Bright, Bloody and Intense: The Shining Girls by Lauren Beukes

The Shining GirlsPublished: June 4th, 2013
Publisher: Mulholland Books
Genre(s): Crime, Thriller, Science Fiction
Format: eBook
Length: 384 pages

Lauren Beukes first came to my attention thanks to William Gibson or maybe Cory Doctorow. Some great author who recommended her on Twitter. I picked up her first two books, Moxyland and Zoo City, and read Moxyland a few years ago. I liked it, but it definitely felt like Gibson’s sensibility filtered through a South African setting. On the other hand, The Shining Girls, her third novel and first for Mulholland Books, reads like Beukes striking out on her own and making a name for herself. The result is stunning, harrowing and immensely readable.

The Shining Girls follows the interlocking lives of two characters: Curtis Harper, who discovers a mysterious house that lets him travel in time as long as he murders the “shining girls” mapped out on the bedroom wall, and Kirby Mazrachi, one of Harper’s attempted murder victims who manages to survive and devotes her life to tracking him down. We are also treated to heartbreaking vignettes of the women Harper kills throughout the 20th century; every woman he murders is full of endless potential that he snuffs out by torturing them to death and mutilating their bodies.

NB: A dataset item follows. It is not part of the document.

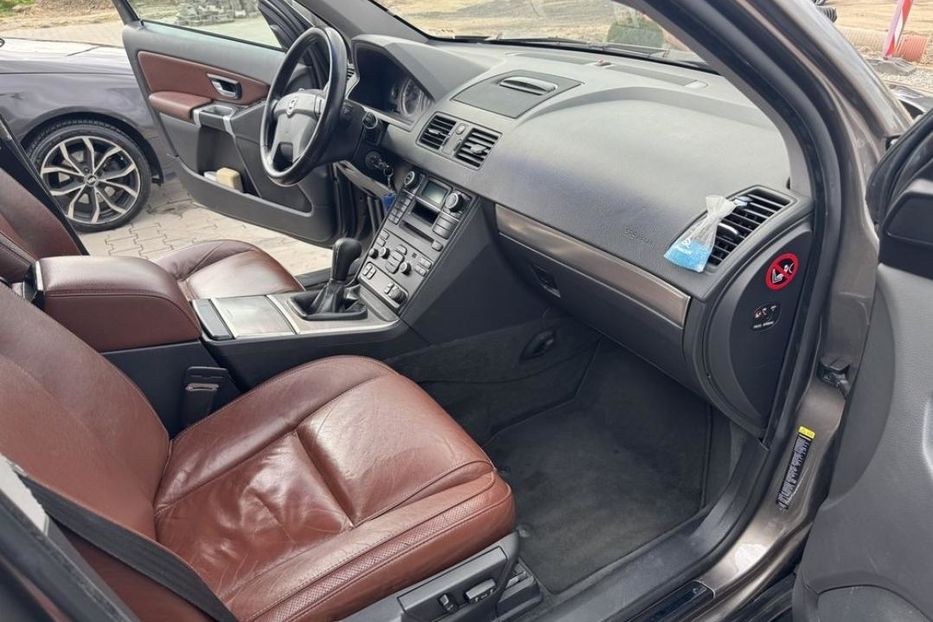 Продам Volvo XC90 380965640706 2008 года в Киеве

Although time travel is part of the narrative, The Shining Girls feels more like a crime thriller than a scifi story. It helps that the story all takes part in the past – Kirby’s “present day” is the early nineties. The speculative elements exist mostly as plot devices and a way to build tension, and Beukes doesn’t spend much time explaining how Harper is able to do what he does. Beukes has a background in journalism, and it’s clear that a lot of research went into this novel. The women we meet throughout the story span multiple social classes, decades and races, and each one is carefully drawn in the short moments before she dies terribly.

My only criticism of the novel is that it feels like Kirby discovers the truth very late in the story, and after that point everything kicks into high gear until the ending. I would have liked to see a bit more of Kirby exploring the strange world of the house and its dangerous inhabitant. If nothing else, Beukes left me wanting more at the end, which is definitely a positive thing. My hope is that The Shining Girls is just the first of Beukes’ forays into crime/thriller writing. It’s a genre that suits her well.

LOVED IT
LOVED IT

Full disclosure: I received a free review copy of this book from NetGalley.